Instead, the Jack White of 2018 is into cut-and-paste grooves. At least on paper, that’s a pretty interesting transition. White, a longtime devotee of all things analog, has given in, at least a little bit. He’s now messing around with ProTools and guitars that are designed to be easy to play. This has all activated another side of White’s brain. The tracks on Boarding House Reach will suddenly dissolve into Santana-esque conga breaks, or Detroit house thuds, or squelchy high-stepping organ-funk vamps. White has assembled a crew of session-player assassins, and they’re all happy to follow him wherever he wants to go, fleshing out his goofy ideas with absolute precision and fealty like they were set designers on a Kubrick movie. But White is wasting their time. He’s wasting ours, too.

Once a strict and exacting song-construction perfectionist, White now seems to regard structure with absolute contempt. There are multiple songs on Boarding House Reach where he gives hysterical, nonsensical spoken-word sermons (“I’m thinking about starting a corporation! Who’s with me?”) rather than singing. There’s one song where he does something that gets dangerously close to rapping, which is not a part of this man’s skill set. I wouldn’t be shocked if he freestyled every last lyric on the album; that, at least, would explain the level of thought that went into these things.

You will not be surprised to learn that the White of 2018 is full of prematurely-old-man musings about the state of the world. He is mad, for instance, about you kids with your phones: “Fools desire distraction / And not take to heart / Their faces to their gadgets fall south / Ignoring the beauty of a fog on a hill / And a kitten with a mouse in its mouth.” Stop ignoring the beauty of mouse death, fools! He remembers walking “past sailors who have less tattoos than the average teenager.” Certain of his lyrics would get him laughed out of a dorm-room cypher: “The Sisyphean dreamer / My fibula and femur hold the weight of the world.” And there is a whole song, “Why Walk A Dog?,” in which White seems to equate pet ownership with absolute evil: “Are you their master? / Did you buy them at the store? / Did they know they were a cure for you to stop being bored?” (The answer to the title question, at least, seems pretty obvious: You walk a dog so that it does not shit in your house.)

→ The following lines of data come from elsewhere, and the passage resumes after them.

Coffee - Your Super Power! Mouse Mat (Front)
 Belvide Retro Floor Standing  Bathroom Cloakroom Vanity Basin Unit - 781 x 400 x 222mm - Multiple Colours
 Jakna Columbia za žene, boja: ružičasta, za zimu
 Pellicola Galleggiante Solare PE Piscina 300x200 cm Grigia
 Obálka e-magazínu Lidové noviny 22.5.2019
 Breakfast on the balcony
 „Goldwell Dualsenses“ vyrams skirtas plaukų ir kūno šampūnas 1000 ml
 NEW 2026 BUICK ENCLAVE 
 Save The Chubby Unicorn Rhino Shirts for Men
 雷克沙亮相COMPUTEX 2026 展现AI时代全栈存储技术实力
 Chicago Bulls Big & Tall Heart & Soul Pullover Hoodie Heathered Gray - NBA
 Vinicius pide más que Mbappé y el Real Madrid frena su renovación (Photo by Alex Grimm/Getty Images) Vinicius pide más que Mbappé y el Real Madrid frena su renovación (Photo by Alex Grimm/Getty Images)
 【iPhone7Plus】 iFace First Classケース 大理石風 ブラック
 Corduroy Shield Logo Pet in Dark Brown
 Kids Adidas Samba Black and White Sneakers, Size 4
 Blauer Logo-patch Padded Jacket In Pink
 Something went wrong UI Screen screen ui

Look: Legends make garbage albums. It happens all the time. White is now at least a decade removed from his prime, and he’s made a lot of music. He’s allowed to make some garbation. And that’s what Boarding House Reach is. Even taking into account all his various bands and side projects, this is the worst album that has ever borne the man’s name. Hopefully, it will always turn out to be his worst album. Hopefully, he will discover some ghost of his old spark and recapture some of what he once had when he was sitting in his little room. But I’m worried. Boarding House Reach sounds less like a detour into bullshittery, more like what this guy might just be now. It sounds like a man disappearing permanently up his own asshole. Someone please walk him.

Boarding House Reach is out 3/23 on Third Man/Columbia.